Your assignment:
Any picture in the data below should be skipped, while every line is repeated exactly.

Provided material:

* * *

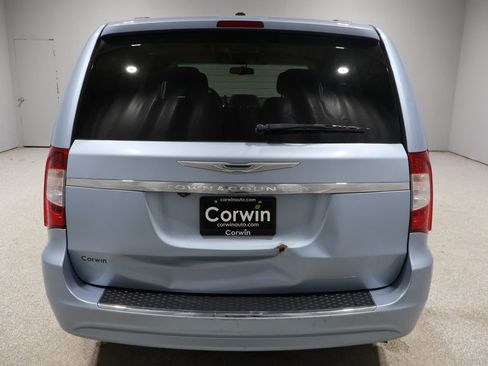 Used 2013 Chrysler Town & Country Touring image 3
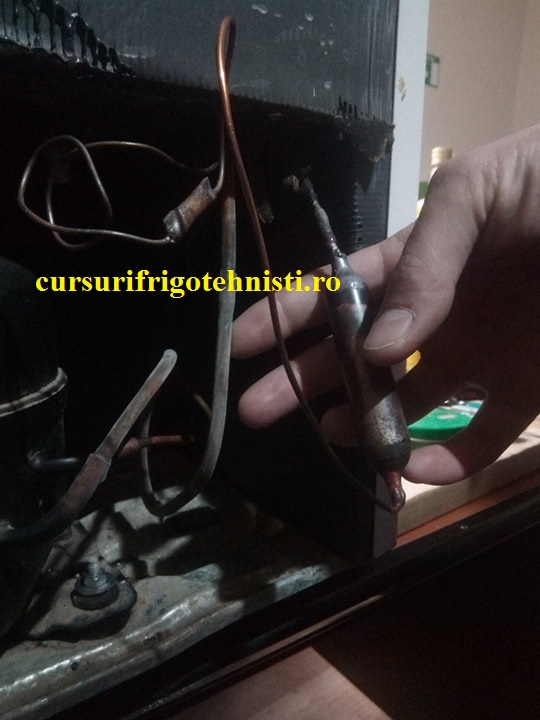 Am introdus freon cu 20gr mai mult vine zapada pe aspiratie.jpg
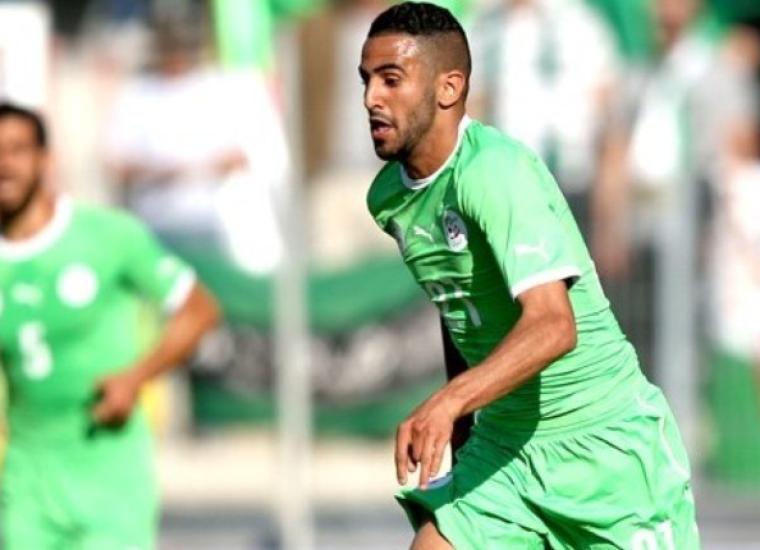 رياض محرز لاعب المنتخب الجزائري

* * *

Answer box:
 Used 2013 Chrysler Town & Country Touring image 3
 Am introdus freon cu 20gr mai mult vine zapada pe aspiratie.jpg
 رياض محرز لاعب المنتخب الجزائري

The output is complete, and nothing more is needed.